**What you should do:** Using the entries that follow, transcribe only the lines from the line with "池州市2019年第1期建筑造价信息" to the line with "打雷少女第38话 欢迎来到新世界", both included, exactly as they stand and without pictures.

[[ Data for analysis open ]]

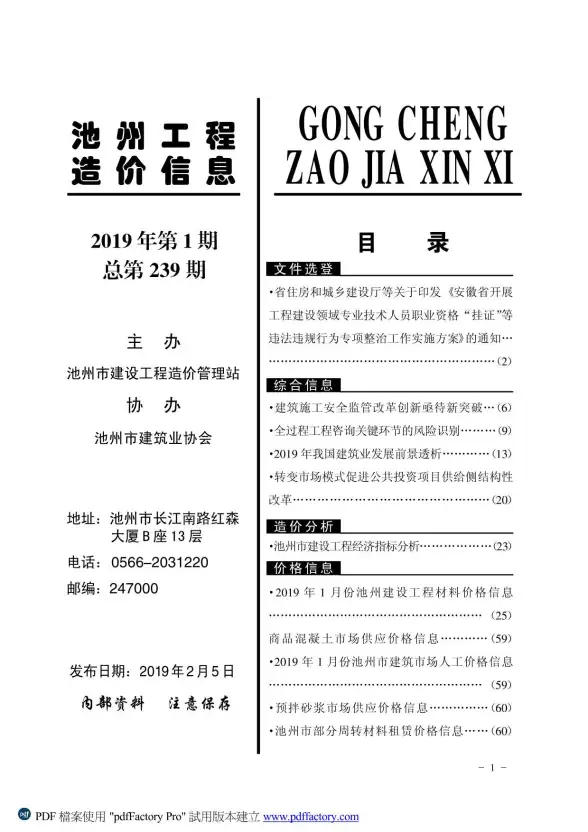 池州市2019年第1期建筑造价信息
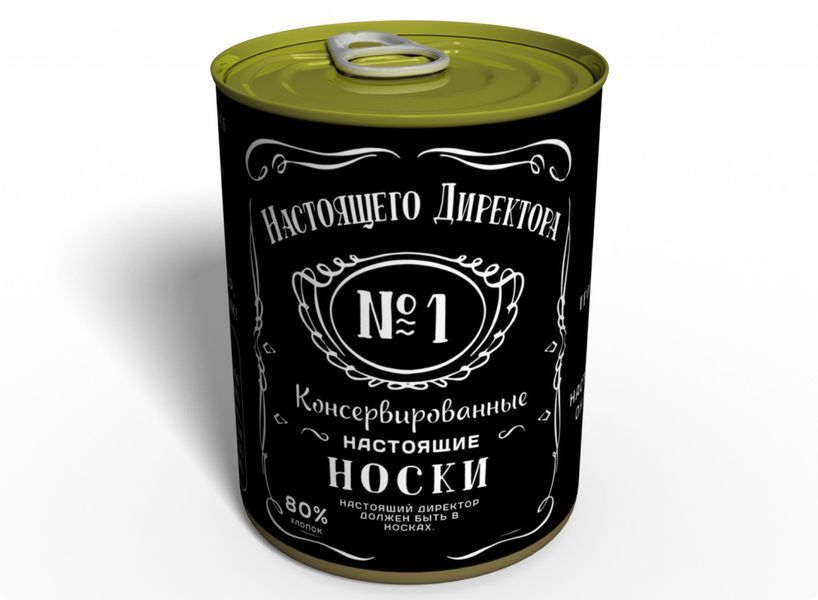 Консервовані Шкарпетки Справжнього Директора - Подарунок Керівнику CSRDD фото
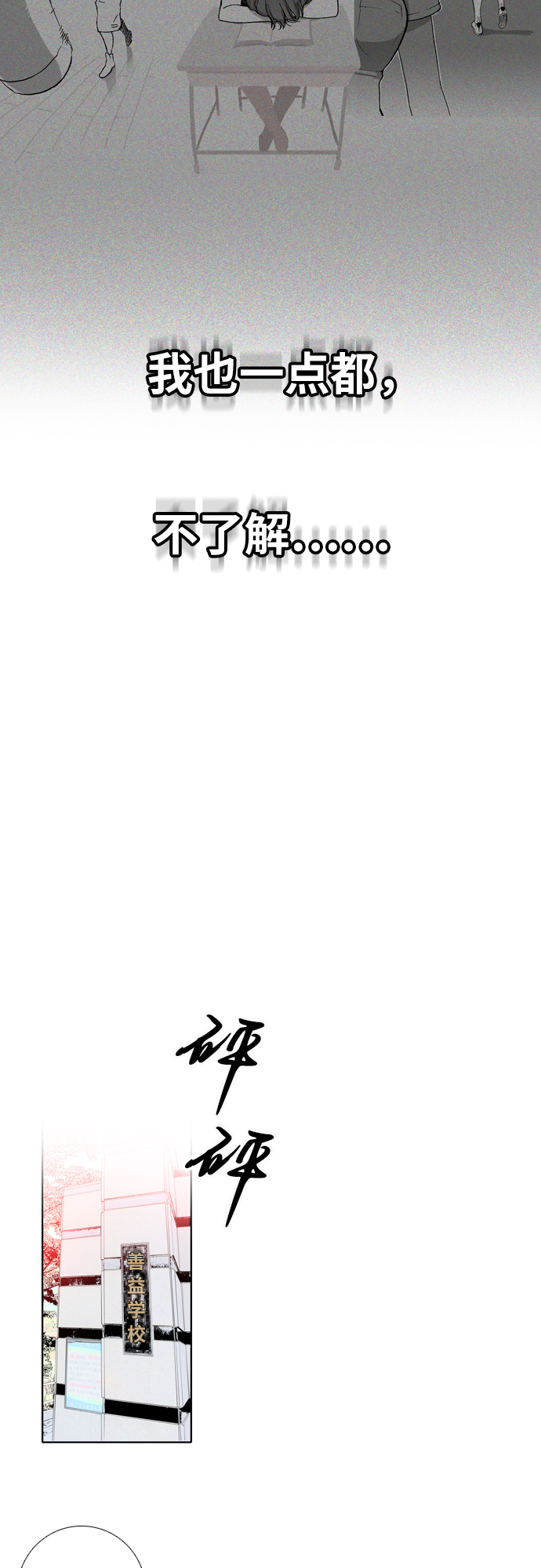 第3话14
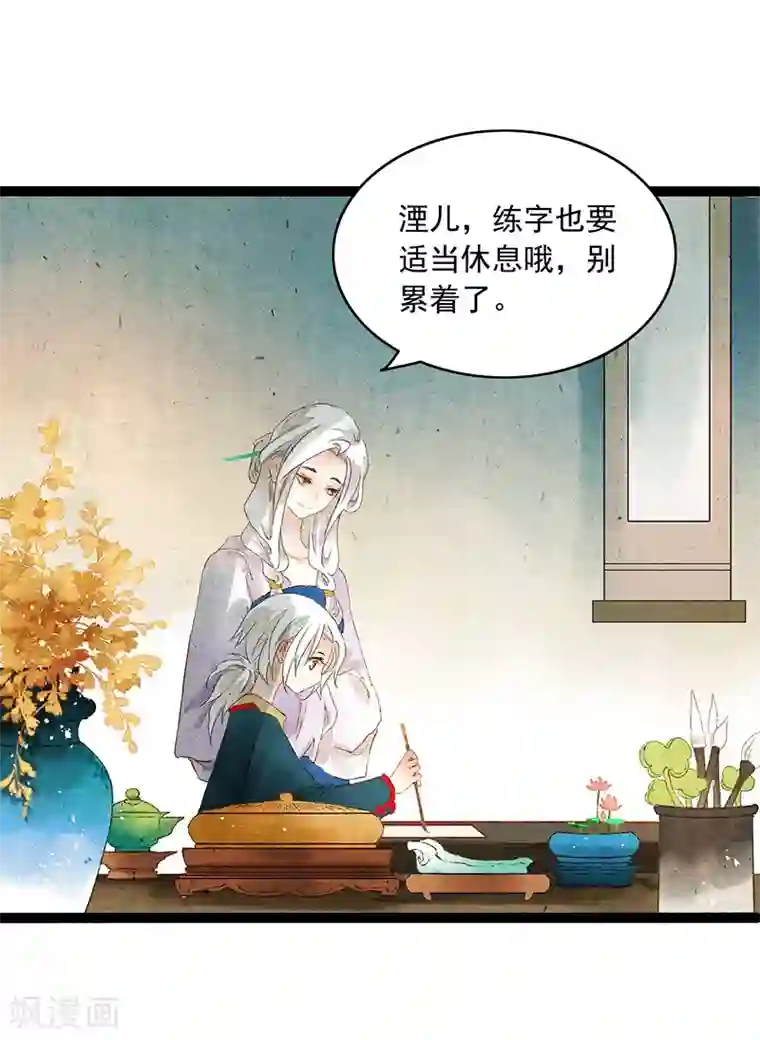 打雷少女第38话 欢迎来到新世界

[[ Data for analysis closed ]]
[[ Data for analysis open ]]

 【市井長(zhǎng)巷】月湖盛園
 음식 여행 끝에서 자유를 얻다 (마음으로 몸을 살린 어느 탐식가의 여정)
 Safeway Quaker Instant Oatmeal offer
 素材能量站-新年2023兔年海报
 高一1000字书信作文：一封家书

[[ Data for analysis closed ]]

**Written response:**
 池州市2019年第1期建筑造价信息
 Консервовані Шкарпетки Справжнього Директора - Подарунок Керівнику CSRDD фото
 第3话14
 打雷少女第38话 欢迎来到新世界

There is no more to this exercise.